最後のエル・コンドル・ステージに集まったおよそ8万人と推定される情熱的なアルゼンチンの人々の、ローブの旅立ちを見送りたいという願いがこめられた一幕だった。

オジエは彼のフォルクスワーゲン・ポロRで最初の6つのステージの内の5つに勝利して、4日間14ステージのレースの最初の部分を支配した。しかしローブの勢いを止めることはできず、昨日の午前中に彼がおよそ40秒の間コースから外れる間に、ローブは17秒の遅れをリードに変えてしまった。

次のステージで左フロントのタイヤをパンクさせた後、オジエはローブの限定されたラリーへの参加は、彼が10度目のドライバータイトルに挑む可能性がないことを意味することを知った上で、喜んで後退することにした。

「それは我々にとってよい結果だった。

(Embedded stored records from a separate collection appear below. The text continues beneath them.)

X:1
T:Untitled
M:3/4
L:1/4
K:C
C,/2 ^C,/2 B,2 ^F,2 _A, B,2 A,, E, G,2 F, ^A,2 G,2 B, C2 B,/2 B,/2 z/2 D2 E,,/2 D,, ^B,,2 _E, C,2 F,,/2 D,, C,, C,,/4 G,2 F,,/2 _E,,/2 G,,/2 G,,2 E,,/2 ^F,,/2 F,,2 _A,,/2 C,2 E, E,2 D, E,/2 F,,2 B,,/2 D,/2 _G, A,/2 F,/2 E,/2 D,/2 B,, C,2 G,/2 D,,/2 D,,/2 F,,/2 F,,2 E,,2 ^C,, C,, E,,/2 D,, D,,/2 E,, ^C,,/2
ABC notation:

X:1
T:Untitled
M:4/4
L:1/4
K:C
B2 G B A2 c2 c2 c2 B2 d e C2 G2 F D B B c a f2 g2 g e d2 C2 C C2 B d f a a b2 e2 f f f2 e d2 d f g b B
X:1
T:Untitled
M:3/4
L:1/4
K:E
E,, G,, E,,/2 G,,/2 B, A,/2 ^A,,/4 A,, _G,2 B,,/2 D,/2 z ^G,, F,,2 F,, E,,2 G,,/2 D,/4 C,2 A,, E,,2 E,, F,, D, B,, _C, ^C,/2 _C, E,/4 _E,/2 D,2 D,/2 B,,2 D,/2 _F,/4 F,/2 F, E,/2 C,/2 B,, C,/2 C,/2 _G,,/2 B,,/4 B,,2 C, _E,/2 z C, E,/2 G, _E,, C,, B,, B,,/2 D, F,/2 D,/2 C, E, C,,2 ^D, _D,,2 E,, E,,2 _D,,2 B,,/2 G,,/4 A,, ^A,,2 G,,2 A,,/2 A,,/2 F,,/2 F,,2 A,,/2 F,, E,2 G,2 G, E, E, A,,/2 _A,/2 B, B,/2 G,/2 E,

我々は週末に多くの問題を抱えていたが、最後にはハッピーだった。今年は我々にとって学ぶ年で、5つのイベントを終えて上手い具合に行っているので、チームに彼等が行った全ての仕事について感謝したい。今朝も幾つかの問題があり、それほど良くない車でラリーを終えることとなったが、パワーステージでプッシュすることができて追加ポイントを得ることができた」とドライバーの順位で54ポイントをリードしているオジエは語った。

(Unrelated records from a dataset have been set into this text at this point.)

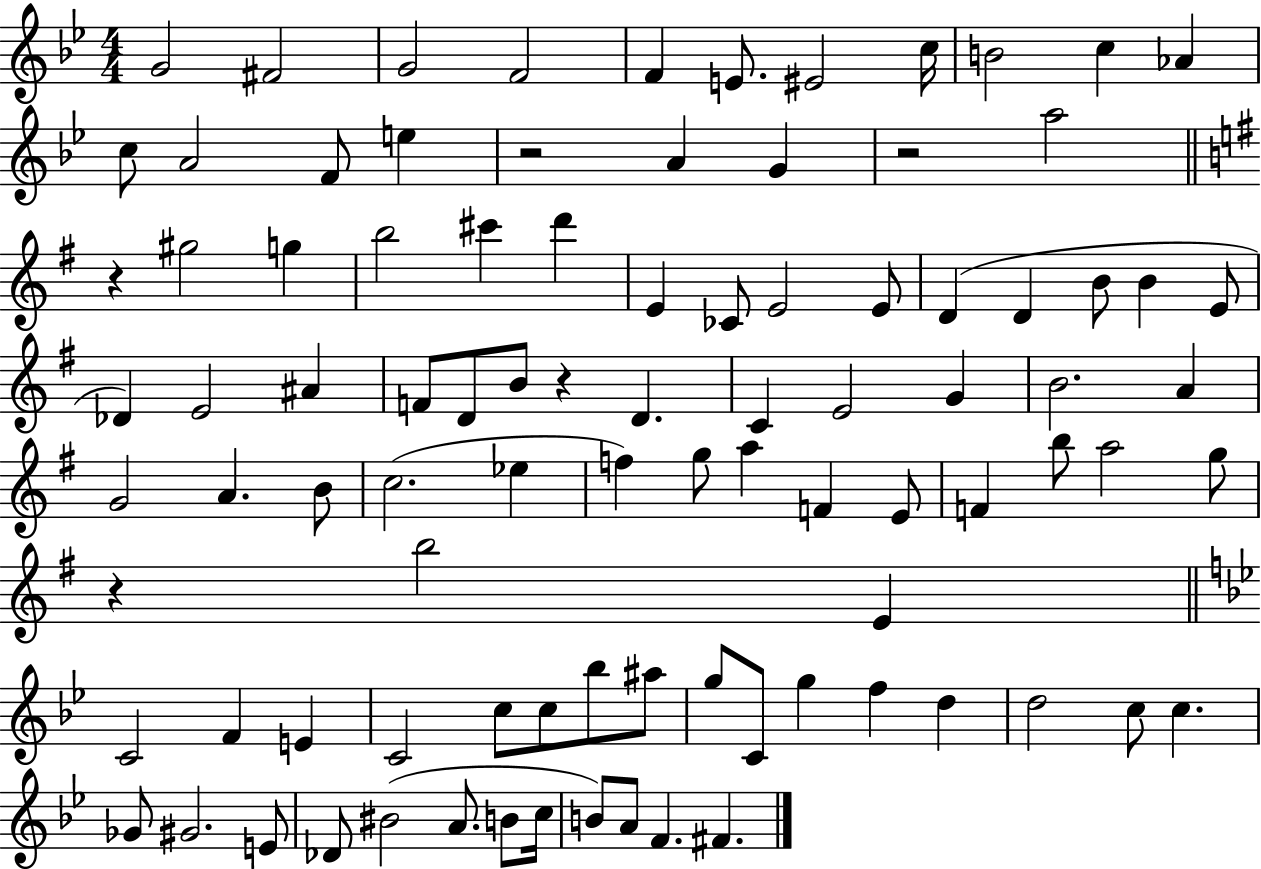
X:1
T:Untitled
M:4/4
L:1/4
K:Bb
G2 ^F2 G2 F2 F E/2 ^E2 c/4 B2 c _A c/2 A2 F/2 e z2 A G z2 a2 z ^g2 g b2 ^c' d' E _C/2 E2 E/2 D D B/2 B E/2 _D E2 ^A F/2 D/2 B/2 z D C E2 G B2 A G2 A B/2 c2 _e f g/2 a F E/2 F b/2 a2 g/2 z b2 E C2 F E C2 c/2 c/2 _b/2 ^a/2 g/2 C/2 g f d d2 c/2 c _G/2 ^G2 E/2 _D/2 ^B2 A/2 B/2 c/4 B/2 A/2 F ^F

ヤリ-マティ・ラトバラはもう一台のポロRで最終日のエフゲニー・ノビコフとの死闘を制し、3位でフィニッシュすることとなった。このフィンランド人は昨日、パンクの為におよそ2分を失い、今日のレースをロシア人のフォード・フィエスタRSから8秒2遅れでスタートした。

ラトバラはボーナスポイントの獲得できるパワーステージを含む4つの全てのステージで勝利し、ノビコフが最終ステージの序盤にスピンしたことで表彰台を確定させた。

ティエリー・ヌービルはもう一台のフィエスタRSで4位に入賞した。ベルギー人は彼の車を改良する為に働き続けた。ミッコ・ヒルボネンはオジエが問題を抱えた後に2番手の位置にいたが、彼のDS3がパンクとそれに続く電装系のトラブルを抱えて6分以上遅れることとなり、6位にまで滑り落ちることとなった。

マッズ・オストベルグはオープニングのレグで、彼のフィエスタRSのステアリングとドライブシャフトを破損させたが、挽回して7位となった。

アンドレアス・ミケルセンはダニ・ソルドが最初のレグでロールしたことが原因で、最終ステージでギアボックスの問題を起こす間に8位の座を奪い取った。マーティン・プロコップは同じくオープニングのレグでロールした後、トップ10内でレースを完走した。